▶ [Recorded information]
·····
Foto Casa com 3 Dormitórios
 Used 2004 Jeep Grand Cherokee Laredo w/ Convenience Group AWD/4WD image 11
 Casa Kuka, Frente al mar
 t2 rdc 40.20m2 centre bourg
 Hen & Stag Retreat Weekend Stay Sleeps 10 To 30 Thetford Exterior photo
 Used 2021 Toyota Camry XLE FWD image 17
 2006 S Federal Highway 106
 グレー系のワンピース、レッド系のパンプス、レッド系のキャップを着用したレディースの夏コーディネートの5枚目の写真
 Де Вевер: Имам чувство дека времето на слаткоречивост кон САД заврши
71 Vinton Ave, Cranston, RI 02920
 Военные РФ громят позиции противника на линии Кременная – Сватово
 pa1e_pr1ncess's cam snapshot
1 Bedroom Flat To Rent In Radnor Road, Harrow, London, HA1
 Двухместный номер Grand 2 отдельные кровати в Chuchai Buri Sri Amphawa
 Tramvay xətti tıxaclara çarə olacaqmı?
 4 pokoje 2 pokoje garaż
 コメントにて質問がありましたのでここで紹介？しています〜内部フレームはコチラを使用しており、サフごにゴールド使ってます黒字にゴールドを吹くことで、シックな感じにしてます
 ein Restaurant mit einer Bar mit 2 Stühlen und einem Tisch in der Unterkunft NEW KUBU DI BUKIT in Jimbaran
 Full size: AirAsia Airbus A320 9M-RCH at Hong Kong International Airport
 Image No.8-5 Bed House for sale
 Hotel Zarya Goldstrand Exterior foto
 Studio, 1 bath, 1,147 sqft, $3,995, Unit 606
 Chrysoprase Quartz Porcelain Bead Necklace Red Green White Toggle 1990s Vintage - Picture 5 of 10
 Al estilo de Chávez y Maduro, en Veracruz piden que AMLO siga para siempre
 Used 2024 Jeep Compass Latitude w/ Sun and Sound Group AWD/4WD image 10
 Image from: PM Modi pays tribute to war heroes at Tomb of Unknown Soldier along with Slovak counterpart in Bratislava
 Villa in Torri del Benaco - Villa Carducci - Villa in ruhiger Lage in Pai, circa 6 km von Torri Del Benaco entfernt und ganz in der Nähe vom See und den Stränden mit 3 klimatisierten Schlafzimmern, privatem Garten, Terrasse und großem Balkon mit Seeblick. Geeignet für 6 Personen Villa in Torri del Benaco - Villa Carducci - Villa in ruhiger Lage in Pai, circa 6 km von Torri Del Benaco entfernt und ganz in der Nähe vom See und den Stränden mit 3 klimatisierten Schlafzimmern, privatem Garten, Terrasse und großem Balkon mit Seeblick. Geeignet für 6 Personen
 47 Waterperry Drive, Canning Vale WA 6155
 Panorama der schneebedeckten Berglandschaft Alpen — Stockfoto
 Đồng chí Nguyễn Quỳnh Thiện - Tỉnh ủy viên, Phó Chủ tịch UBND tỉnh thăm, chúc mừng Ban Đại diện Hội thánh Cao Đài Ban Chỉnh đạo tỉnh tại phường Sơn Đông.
·····
▶ [Prompt]
Your task is to restate, word for word, the lines from the beginning of the records to the line with "Image from: PM", inclusive.

▶ [Final answer]
Foto Casa com 3 Dormitórios
 Used 2004 Jeep Grand Cherokee Laredo w/ Convenience Group AWD/4WD image 11
 Casa Kuka, Frente al mar
 t2 rdc 40.20m2 centre bourg
 Hen & Stag Retreat Weekend Stay Sleeps 10 To 30 Thetford Exterior photo
 Used 2021 Toyota Camry XLE FWD image 17
 2006 S Federal Highway 106
 グレー系のワンピース、レッド系のパンプス、レッド系のキャップを着用したレディースの夏コーディネートの5枚目の写真
 Де Вевер: Имам чувство дека времето на слаткоречивост кон САД заврши
71 Vinton Ave, Cranston, RI 02920
 Военные РФ громят позиции противника на линии Кременная – Сватово
 pa1e_pr1ncess's cam snapshot
1 Bedroom Flat To Rent In Radnor Road, Harrow, London, HA1
 Двухместный номер Grand 2 отдельные кровати в Chuchai Buri Sri Amphawa
 Tramvay xətti tıxaclara çarə olacaqmı?
 4 pokoje 2 pokoje garaż
 コメントにて質問がありましたのでここで紹介？しています〜内部フレームはコチラを使用しており、サフごにゴールド使ってます黒字にゴールドを吹くことで、シックな感じにしてます
 ein Restaurant mit einer Bar mit 2 Stühlen und einem Tisch in der Unterkunft NEW KUBU DI BUKIT in Jimbaran
 Full size: AirAsia Airbus A320 9M-RCH at Hong Kong International Airport
 Image No.8-5 Bed House for sale
 Hotel Zarya Goldstrand Exterior foto
 Studio, 1 bath, 1,147 sqft, $3,995, Unit 606
 Chrysoprase Quartz Porcelain Bead Necklace Red Green White Toggle 1990s Vintage - Picture 5 of 10
 Al estilo de Chávez y Maduro, en Veracruz piden que AMLO siga para siempre
 Used 2024 Jeep Compass Latitude w/ Sun and Sound Group AWD/4WD image 10
 Image from: PM Modi pays tribute to war heroes at Tomb of Unknown Soldier along with Slovak counterpart in Bratislava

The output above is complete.